Their ‘bold claim’ is that the success of these novels is ‘not random but predictable’. Feed any novel into a computer that has been programmed to notice details that usually slip beneath a reader’s radar, such as the fact that around 30 per cent of a bestseller’s pages are devoted to just one or two topics, and it becomes possible to predict how likely it is to succeed. For Andy Weir’s The Martian it is 93.4 per cent likely; for Michael Connelly’s The Lincoln Lawyer it is a whopping 99.2 per cent.

Some of Archer and Jockers’s claims are eye-grabbing: for example, that their algorithm could guess with 82 per cent accuracy whether a piece of writing was by a male or a female author, or that it could detect ‘with a reasonable degree of certainty’ whether s/he was British or American simply based on how often s/he used the word ‘the’. Other conclusions are also highly plausible. For example, although EL James’s Fifty Shades of Grey might seem an unlikely candidate for literary success — sex rarely sells in fiction — Archer and Jockers point out that it deals with many of the same subjects as more mainstream bestsellers, albeit with a few bolt-on extras like furry manacles and nipple clamps. In fact, with its wholly traditional story arc, and its reliance on themes such as ‘closeness and intimacy’, there was always a 90 per cent chance that it would sell well, albeit perhaps not 125 million copies in four years.

Slightly more surprising is how keen the authors of this study are to gush over James’s prose style as ‘the compelling, living, breathing side of narrative’, claiming that ‘the reader feels the thrum of her words in their bodies like the effect of club music’. Well, maybe. Or maybe the real SM relationship at the heart of Fifty Shades of Grey is the one it establishes with its readers: every time they read one of her clunky sentences it gives them pain, and yet they keep coming back for more.

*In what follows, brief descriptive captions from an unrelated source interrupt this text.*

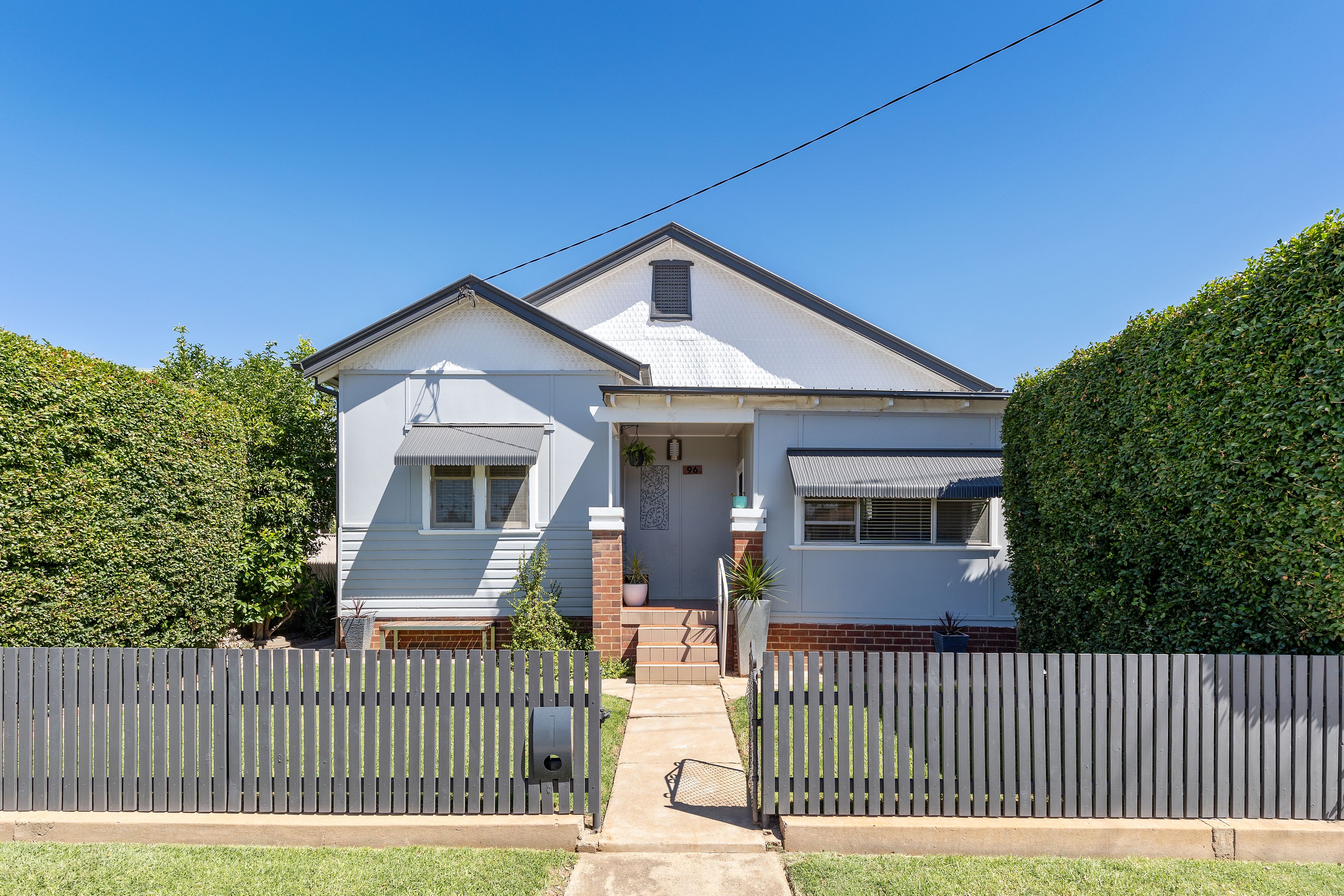 96 Railway Street, Turvey Park, NSW 2650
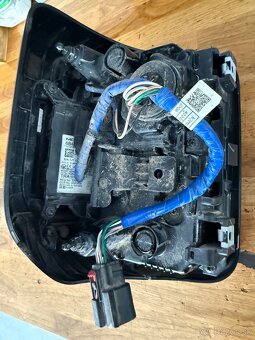 jeep gladiator zadne prave svetlo original komplet s radarom - 2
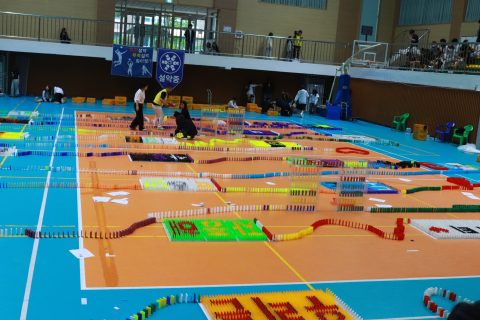 존중과 배려의 정신으로 함께 성장해 나가는 우리는 설악중학교 1학년 ! 도미노체험활동 사진 2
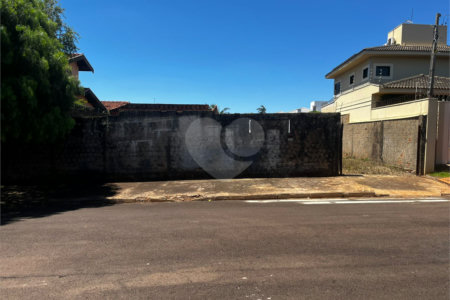Terreno com 586,00 m² á Venda.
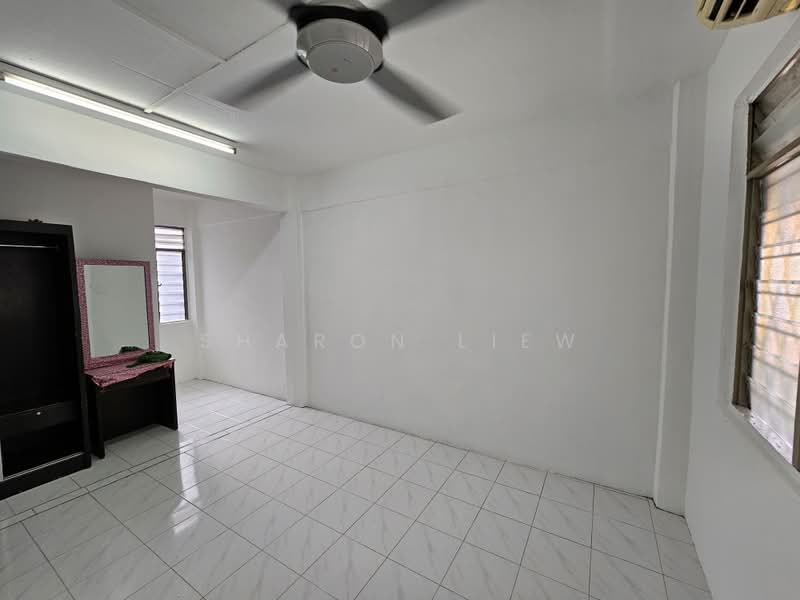 Rumah Flat untuk Disewa di Pandan Indah Flat (Rumah Pangsa 610) - Sharon Liew - Bedroom - PropertyGuru.com.my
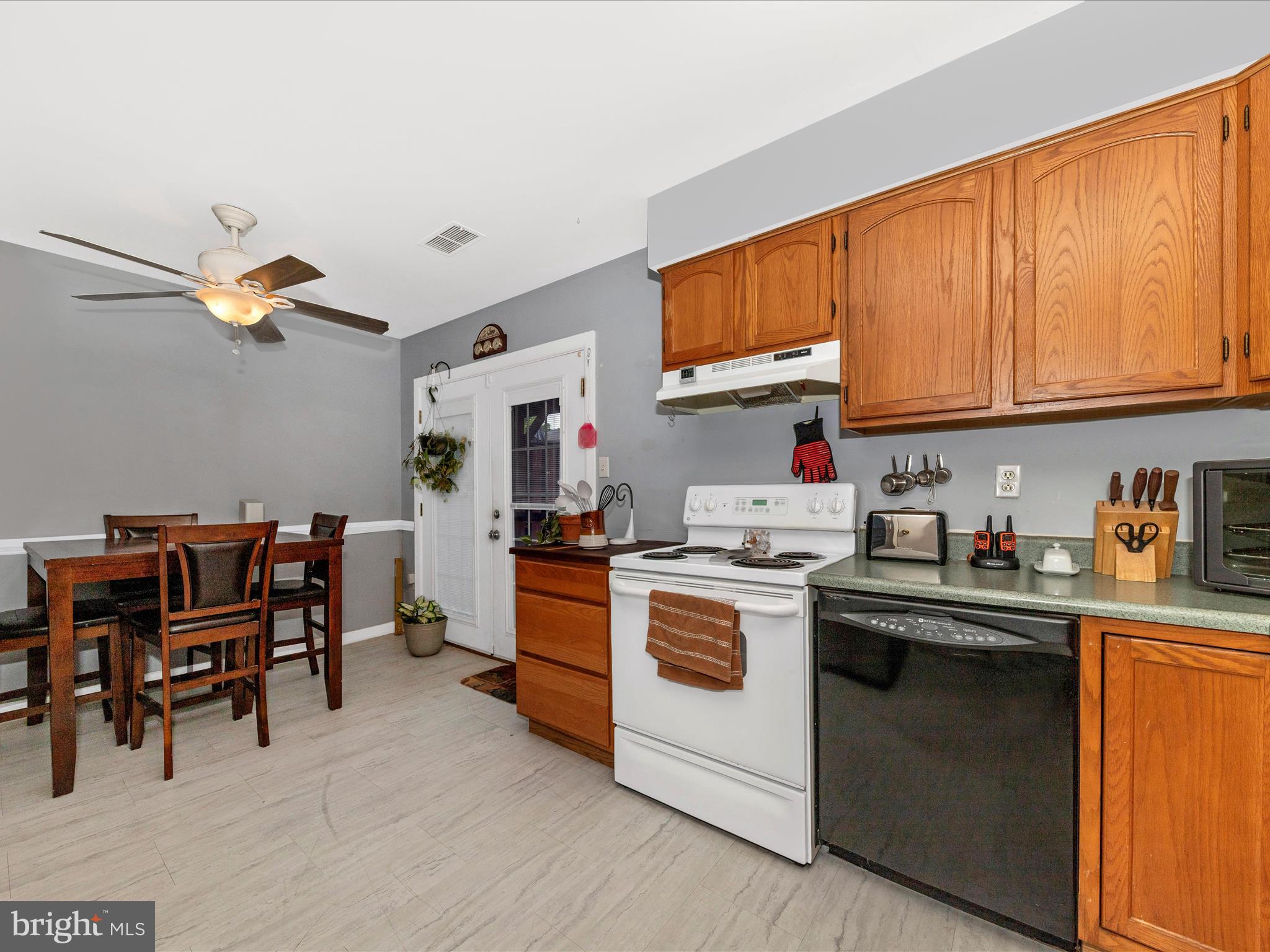 FAIRGROUND VILLAGE - Residential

Either way, Archer and Jockers’s eloquent defence does not really fit with the rest of their book, which makes it clear that the question of quality isn’t one they find terribly interesting. Instead, authors are ‘brands’ who aim to improve their ‘positioning in the market’, while in one highly significant shift they refer to ‘the best writers — or those who will achieve the most readers’. The idea that a novel might reveal its greatness precisely because it disturbs their algorithms is never mentioned. Instead, it seems, every novelist should aim to write like Danielle Steele or Stephen King. After all, as Archer and Jockers point out with wide-eyed enthusiasm, ‘Hit the lists and stay there for while’ and you too might be rewarded with ‘the fancy cars and diamond tiaras of the literary domain’.

What they don’t say is that even authors who stay in the bestseller lists for years sometimes end up being only a footnote in literary history. Who now, apart from scholars of Victorian literature, reads Charles Monroe Sheldon’s 1895 bestseller In His Steps? That shifted over 30 million copies. Or Hall Caine’s million-selling 1901 murder mystery The Eternal City? A bestseller might get you a fancy car; it might even let you join the literary set with ‘houses in the Hamptons’. But when it comes to the sort of fame most authors crave, it might as well be written in dust.